ABOUT THIS EXERCISE — In the records below, the part to copy starts at the line containing "Queen Room with Two Queen Beds" and goes to the last line; output it exactly, without pictures.

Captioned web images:
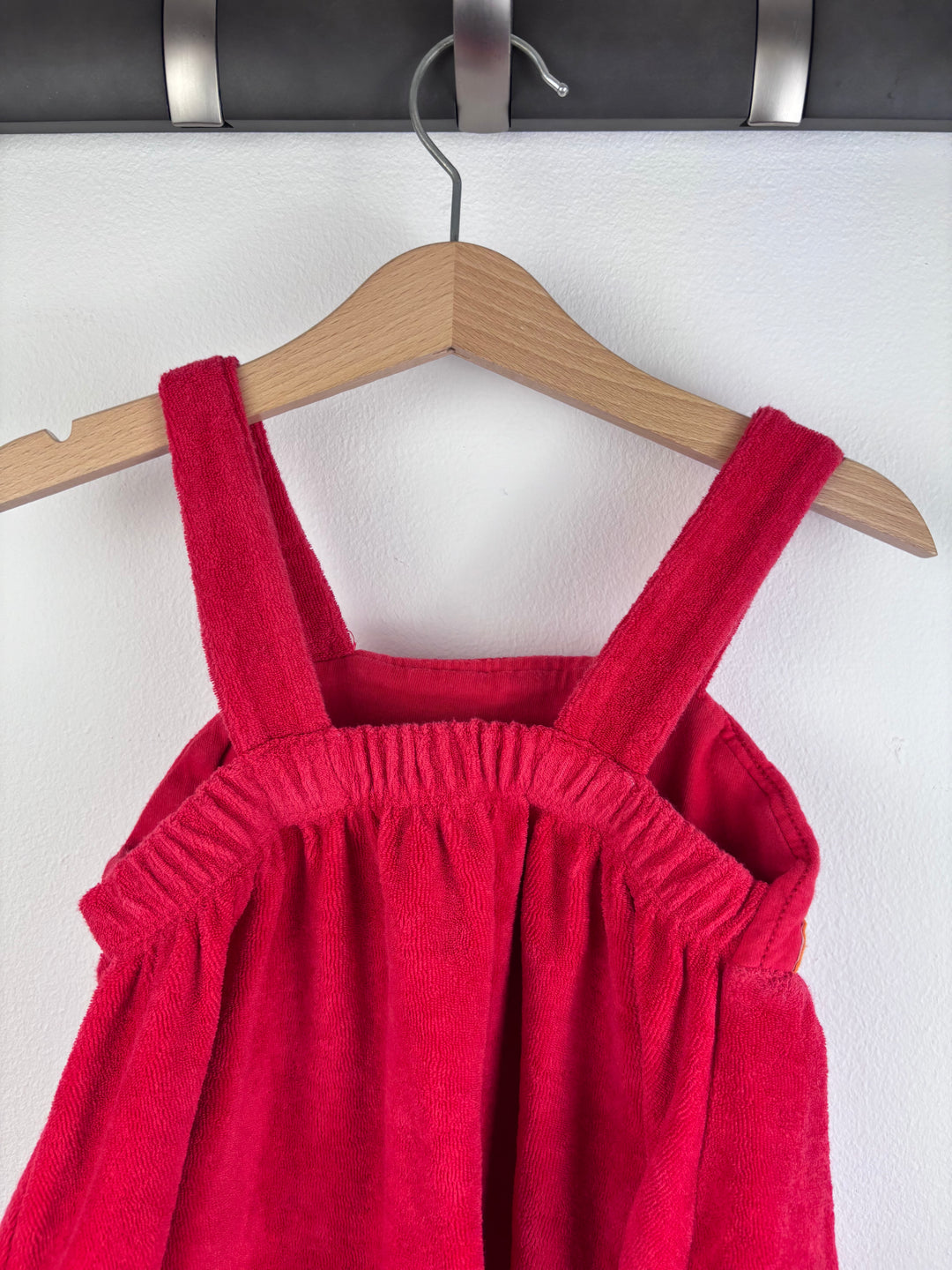Little Bird Rainbow Dress 18-24 Months-Dresses-Second Snuggle Preloved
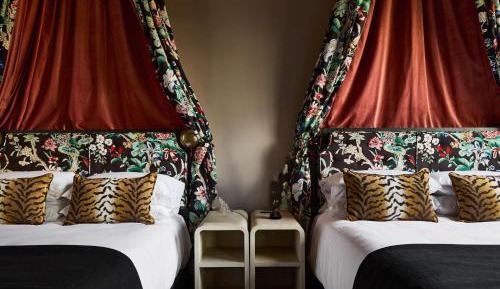 Queen Room with Two Queen Beds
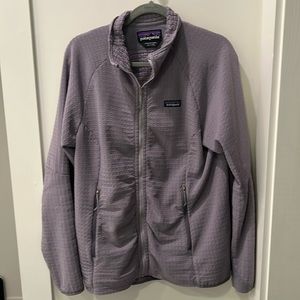 Patagonia R2 Utility Jacket Lavender Purple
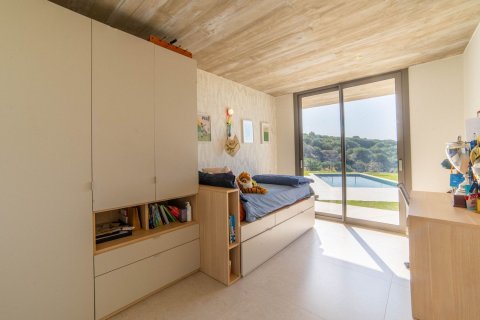 Сasa de 4 dormitorios en venta en Cabrils, Barcelona, Cataluña, Spain № 7194 - foto 7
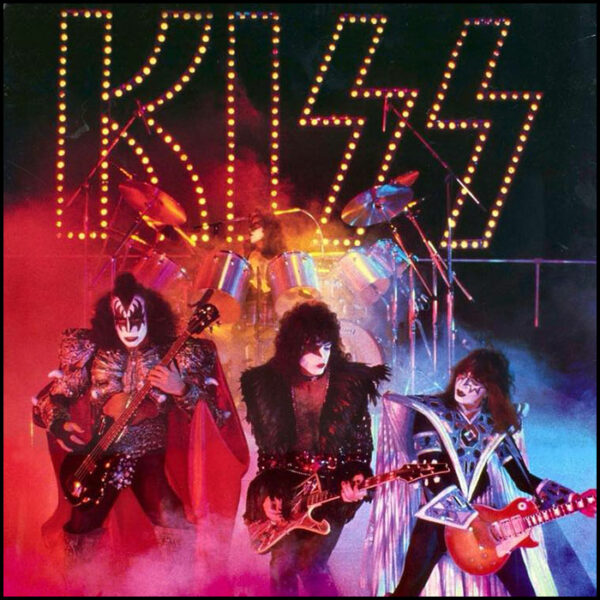 KISS: Euro Tour 1980 Box Set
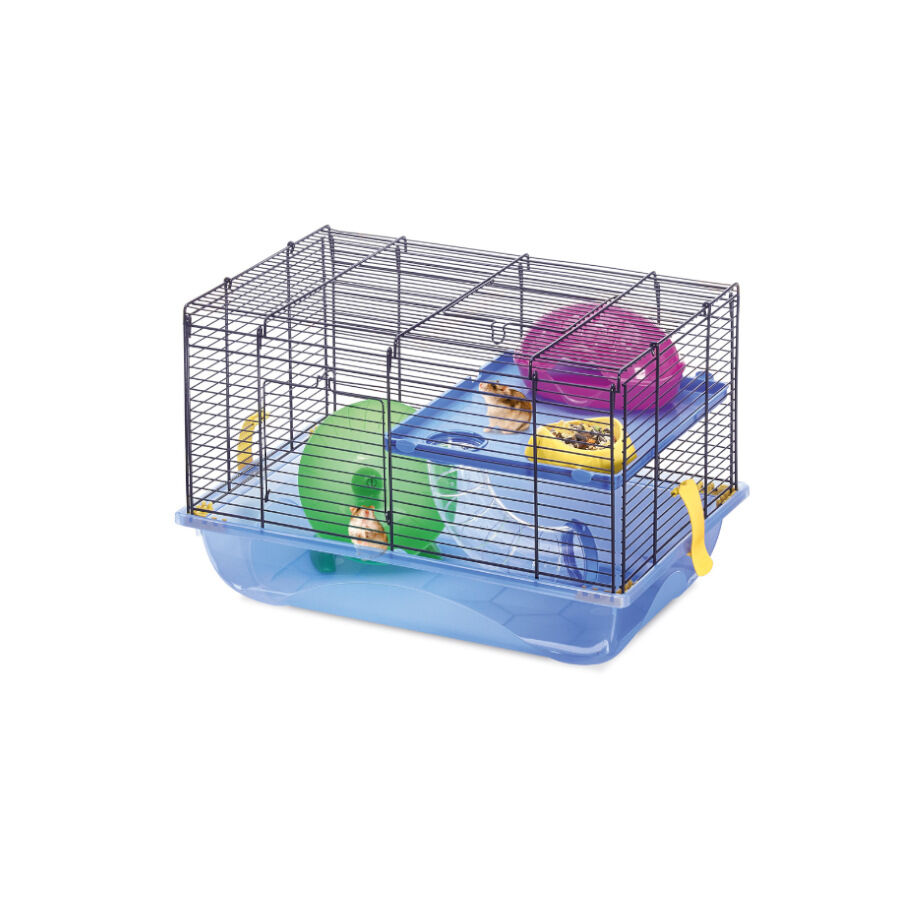 Imac Criceti 9 Jaula para h&aacute;msteres, , large Imagen numero 1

RESPONSE AREA —
 Queen Room with Two Queen Beds
 Patagonia R2 Utility Jacket Lavender Purple
 Сasa de 4 dormitorios en venta en Cabrils, Barcelona, Cataluña, Spain № 7194 - foto 7
 KISS: Euro Tour 1980 Box Set
 Imac Criceti 9 Jaula para h&aacute;msteres, , large Imagen numero 1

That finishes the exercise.